Again, I dont buy into that ranking system. ECs will all be part of the applicant’s overall profile in a holistic review.

I think college Adcom’s appreciate initiative more than title/nomenclature.

So many of the kids I see IRL think they are knocking it out of the park with their involvement in something which is essentially run by adults for students. Yes, a talented writer can turn “My mom got me an internship at her law firm making coffee for the senior partners” into literary gold… but most HS kids cannot.

It is much easier to describe in a compelling way something a kid actually did- on their own- without the “invisible hand” of the HS staff, parents, extended family, etc. doing the arranging and the organizing and what-not.

Kid created a non-profit to prevent online bullying. Dad did the legal filings for the 501 C-3. Mom passed the hat at work to raise seed money for the first event. The uncle who owns several regional newspapers made sure that reporters and feature writers were there to cover the event.

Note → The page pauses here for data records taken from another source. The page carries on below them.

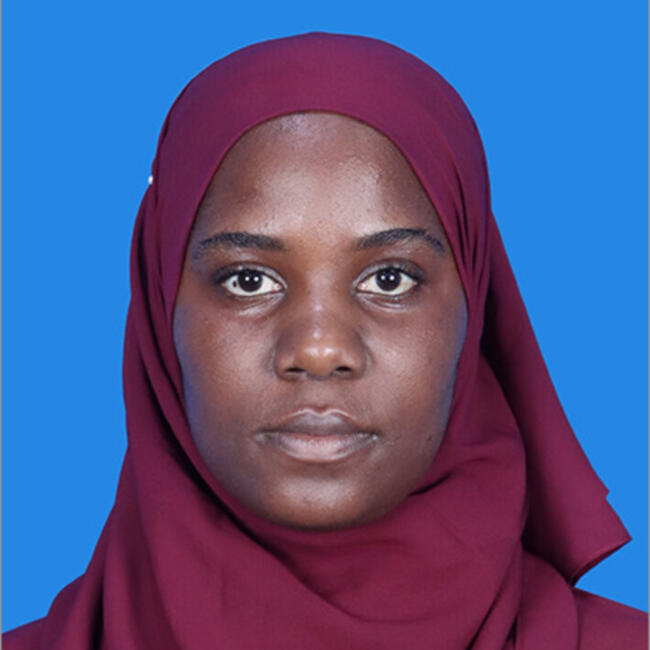 جليسة أطفال في الدوحة: Harriet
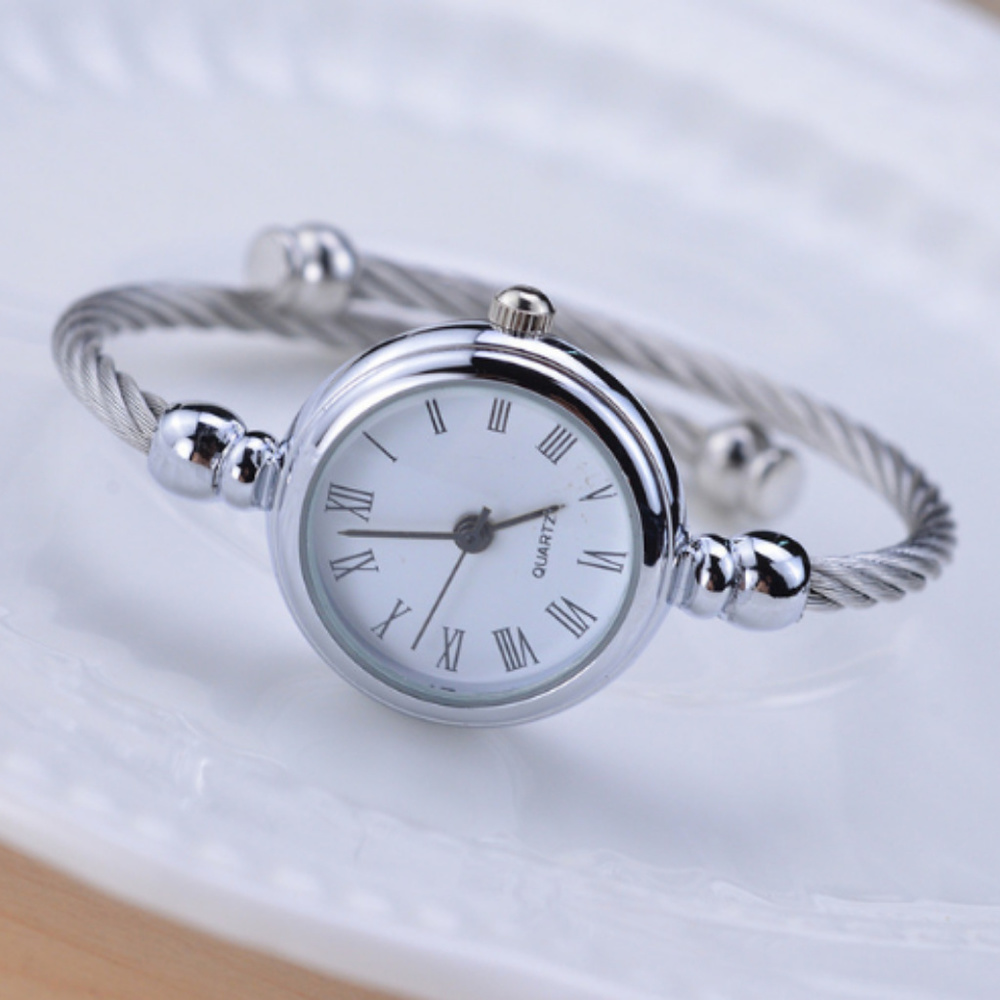 [NEW] 4 Styles Simple Bracelet Watch - Picture 3 of 8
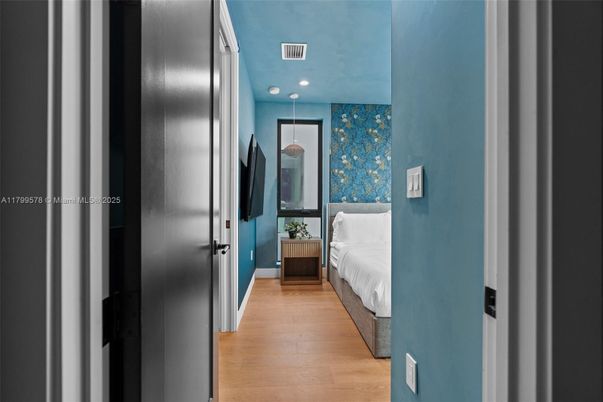 Bedroom, Interior, Pendant Lights, Recessed Lighting, Wood Texture Flooring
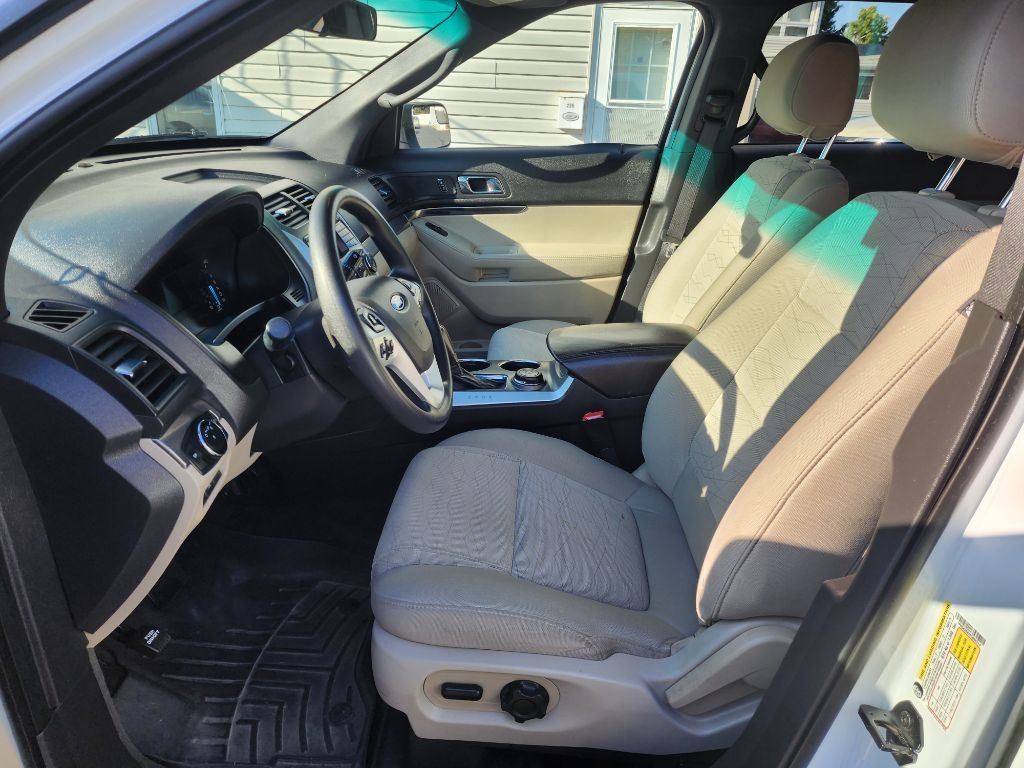 Ford Explorer Base 4WD 2014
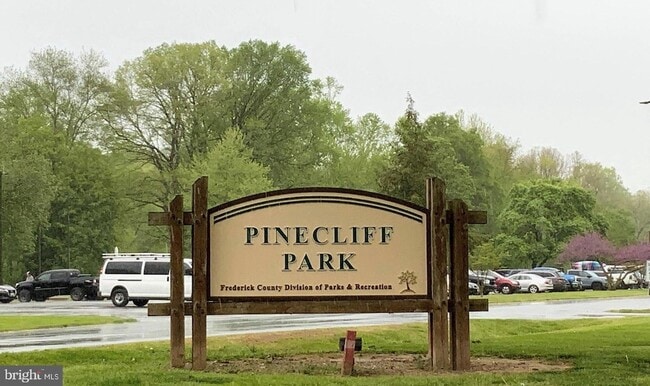 Building Photo - 5763 Hawk Ridge Rd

OR- kid wrote a logistics program to schedule food drop off’s and deliveries at the local food pantry when he noticed the lines of people standing in the rain, with babies and toddlers. He organized a meeting- all by himself- of the food pantry staff, local social workers, and the head of the community foundation funded by the biggest supermarket chain in the region. Sold them on why adopting his simple “can be run on a laptop, smartphone or desktop” scheduling software was better for families, better for the food pantry, a more efficient use of the supermarket’s donations of day-old baked goods and produce. Then did the implementation and trained the food pantry workers on how to correctly log visitors.

No, he didn’t “start anything”. He’s not CEO of a 501 C-3. He has no title, is president of nothing, has zero leadership posts or awards. He just saw a problem and figured out how to fix it.

I think that’s the “rating” that matters. Showing initiative.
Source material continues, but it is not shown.